先輩たちは本当に雅巳を心配してくれていた。

「先輩達には申し訳ない事しちゃったけれど、二人でこんな遠出する事なんて滅多にないんだから、どっか寄ろう」

 雅巳の言葉は僕の耳に悪魔の囁きのように響く。

 正直言えば、僕だって雅巳と二人きりで遠出を楽しみたかったのだ。断る事など出来なかった。

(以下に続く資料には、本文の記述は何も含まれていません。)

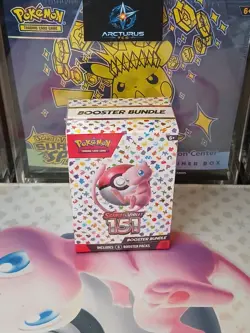 Pokemon TCG - 151 Booster Bundle (New) - Image 2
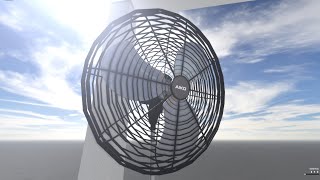 Realistic Fan Blow Your Mind  Stand Fan Ceiling Fan [upl. by Siusan]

 その結果として、僕たちは地元で帰る途中で見かけた名前も知らない湖に寄った。

そして、そこでボートに乗った。

 もちろん、ボートを漕ぐのは僕の役目だった。

雅巳は、僕の目の前で腰をおろしながら、僕を見つめている。僕を見つめる瞳は優しくて愛情に満ちていた。思えば、僕達は一緒にいる時間は多くても、こんな恋人同士がするような事をしたことはなかった。

暑いほどに日差しにさらされながらも、僕の心は弾んでいた。

こんなに楽しい気持ちになれるのは久しぶりだ。

「加藤って力持ちなんだね」

「これくらい何て事ないさ」

 永遠にこんな時間が続けばいいのにと思った。しかし、時間は残酷だ。